Part of building a profitable trading strategy is quickly testing novel ideas. These tend to be the money makers in the rare case that they prove useful once you can integrate them into your strategy.
Today, we will investigate one such idea. Here is the context: currently BitMEX — a large exchange for trading Bitcoin — allows withdraws from their wallets only one time per day.
These withdraws — or outflows — can be quite high volume, so we would like to know if these so-called outflows of Bitcoin from BitMEX wallets are possibly an indicator of the Bitcoin market. Since I work for Amberdata, and Amberdata provides the best blockchain metrics and data, we will be using their product for today's analysis. All we need for this analysis is Amberdata’s Pro API and Python3 installed, so let us get started!
What is Inflow/Outflow?
Here we are looking at large movements of Bitcoin into and out of BitMEX wallets. More specifically, when somebody deposits money into, or makes a withdrawal from their BitMEX wallet; however, we do not have access to the Exchange’s data when users are depositing money, so we infer the flow of money into the wallets by watching their account balances on the blockchain. Simply put, inflow increases an address’ balance, while outflow decreases the address’ balance.
Sanity check to make sure outflows only happen once a day
Just as a quick sanity check, I decided to look at the hourly account balances of a few recently active BitMEX BTC wallets. As expected, the wallet outflows line up to only once per day. Note: the value on the y-axis is in Shatoshi’s, not Bitcoin. We can also test this assumption directly with the code below. It groups the data from hourly to daily, and tests to see if there is more than one outflow per address per day. Testing this on our above data shows the assumption is safe for now. The full notebook for this analysis is available here.
combined = pd.DataFrame(data).T
combined.columns = [str(i) for i in range(N)]
combined = combined.applymap(lambda x: 1 if x > 0 else 0)
combined = combined.reset_index().rename({"index": "ts"}, axis=1)
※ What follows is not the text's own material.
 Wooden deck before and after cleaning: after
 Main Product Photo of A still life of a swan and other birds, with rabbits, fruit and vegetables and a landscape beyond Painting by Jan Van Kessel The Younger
combined['date'] = combined["ts"].apply(lambda df: datetime.datetime(year=df.year, month=df.month, day=df.day))
combined.set_index(combined["date"],inplace=True)
combined = combined.drop(["date", "ts"], axis=1)
combined = combined.resample('D').sum()
if combined.max(axis=1).max() == 1:
print("Our assumtion is safe.")
else:
print("Incorrect assumption!")
As we view the account balances of all addresses associated with BitMEX, we can start to get a picture of the net inflow/outflow of the exchange. Let us talk a little bit about the rationale behind our calculations.
The Calculation
Our primary interest is the money going in and coming out of BitMEX wallets, so let us talk a bit about how we calculate this. Imagine we have an eagle-eye view of the account balances on every BitMEX address. When one of the addresses, let’s call them A, makes a trade with another BitMEX address, B, for $100 worth of Bitcoin, then the transaction looks as such:
A — 100 — >B.
In other words, address A has an outflow of $100, and address B has an inflow of $100.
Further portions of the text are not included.